Frequently Asked Questions

Installation and Packages

  1. What numba version will I need?
    >= 0.50.0 The latest version is always recommended.

Note: If you get errors with numba or get C/C++-type errors, very possibly it’s the problem of the numba version.

  1. Can I accelerate my calculation using parallelization?
    See the section in the Installation section.

Gaussian Processes

  1. I’m confused about how Gaussian Processes work.

    Gaussian Processes enjoy a long history of study and there are many excellent resources out there we can recommend. One such resource (that some of the authors consult quite frequently!) is the textbook Gaussian Processes for Machine Learning, by Rasmussen and Williams , with Chapter 2 in particular being a great help.

  2. How should I choose my cutoffs?
    • The right cutoff depends on the system you’re studying: ionic systems often do better with a larger 2-body cutoff,

    while dense systems like diamond require smaller cutoffs.

    • We recommend you to refer to the radial distribution function of your atomic system first, then try a range of cutoff

    values and examine the model error, optimized noise parameter, and model likelihood as a function of the cutoff.

    • In the current implementation, the 3-body cutoff needs to be smaller than 2-body cutoff.
  3. What is a good strategy for hyperparameter optimization?

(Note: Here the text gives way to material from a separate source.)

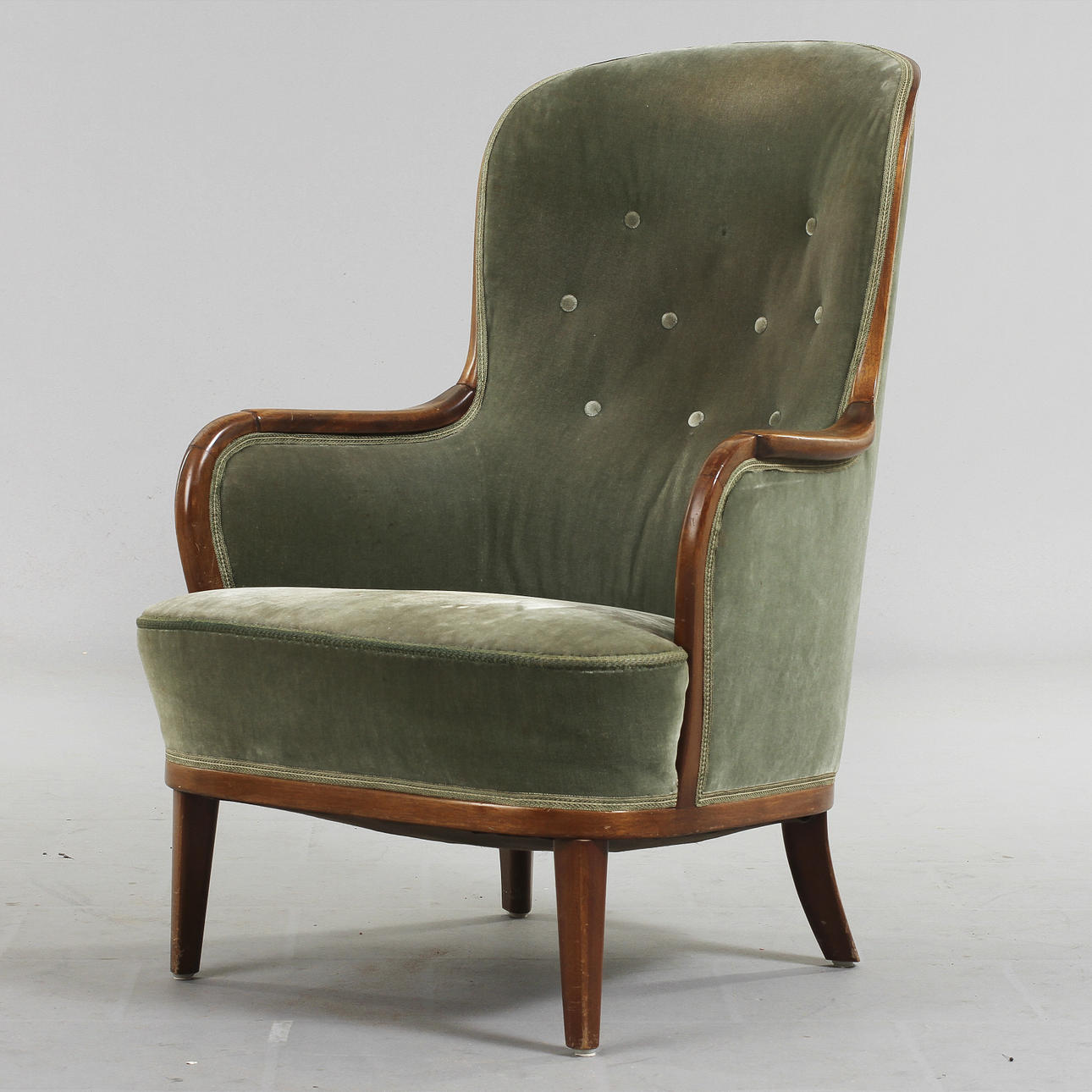 FÅTÖLJ, efter Carl Malmsten, 1900-talets mitt.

    The hyperparameter optimization is important for obtaining a good model. However, the optimization of hyperparameters will get slower when more training data are collected. There are a few parameters to notice:

    In GaussianProcess,

    • maxiter: maximal number of iterations, usually set to ~10 to prevent training for too long.
    • parallel: if True, then parallelization is used in optimization. The serial version could be very slow.
    • output (in train function): set up an output file for monitoring optimization iterations.
    • grad_tol, x_tol, line_steps (in train function): can be changed for iterations.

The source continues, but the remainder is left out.